And then a quick, "Wait, what?" and recognition of something so obvious people can't believe they have forgotten to do it.

They don’t know what’s most important to their boss. (As an aside: there’s often a disconnect between stated goals and what’s most important.)

This is why so many good ideas and projects get stalled. Bosses focus on what’s most important and ignore ideas that they don’t see as relevant.

Some suggestions:

  1. Ask your boss (or clients or others with whom you need cooperation) what’s most important to them and why.
  2. Show people how your idea supports what’s important.
  3. When seeking feedback, ask how important on a scale of 1-10 the proposed idea is to them. If it’s six or below, realize you're probably not going to make much progress. It’s not a priority. Put your energy somewhere else.
  4. Ask what would move the idea from a six to an eight or nine.
  5. During a meeting when people start talking why an idea won’t work stop the negativity quickly by asking, “How important on a scale of 1-10 is this idea to us?”  If it’s not important, move on to a different topic. If it IS important, reframe the conversation to “this idea will work IF we…” vs. “this won’t work because…”

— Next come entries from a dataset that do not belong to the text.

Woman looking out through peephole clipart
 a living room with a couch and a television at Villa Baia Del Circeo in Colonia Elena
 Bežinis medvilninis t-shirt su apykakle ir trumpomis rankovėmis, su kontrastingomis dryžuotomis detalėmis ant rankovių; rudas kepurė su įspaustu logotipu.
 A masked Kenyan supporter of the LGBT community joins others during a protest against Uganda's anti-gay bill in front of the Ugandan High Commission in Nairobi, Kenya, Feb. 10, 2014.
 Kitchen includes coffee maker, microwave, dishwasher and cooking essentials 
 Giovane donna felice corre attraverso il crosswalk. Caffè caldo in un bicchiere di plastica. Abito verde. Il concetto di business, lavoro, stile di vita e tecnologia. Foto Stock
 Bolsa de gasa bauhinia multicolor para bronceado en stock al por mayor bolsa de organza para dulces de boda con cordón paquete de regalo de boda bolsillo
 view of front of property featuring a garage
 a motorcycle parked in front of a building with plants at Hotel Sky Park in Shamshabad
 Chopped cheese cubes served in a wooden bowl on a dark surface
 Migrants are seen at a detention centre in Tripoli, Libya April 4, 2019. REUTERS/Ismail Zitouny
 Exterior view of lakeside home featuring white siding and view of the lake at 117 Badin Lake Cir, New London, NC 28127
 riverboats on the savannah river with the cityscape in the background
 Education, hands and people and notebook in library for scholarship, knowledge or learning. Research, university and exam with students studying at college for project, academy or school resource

Lastly, remember that bosses love learning what the organization can STOP doing. When you have a clear understanding of what’s important, earn credibility and trust by recommending what to stop.

It’s disappointing to learn that a great idea or new approach isn’t important. But the sooner you know, the sooner you can focus on what does matter.

ps – For all you bosses out there, be proactive and explain what is most important on a regular basis. You have no idea how much work and wasted energy goes on by bright people on your team.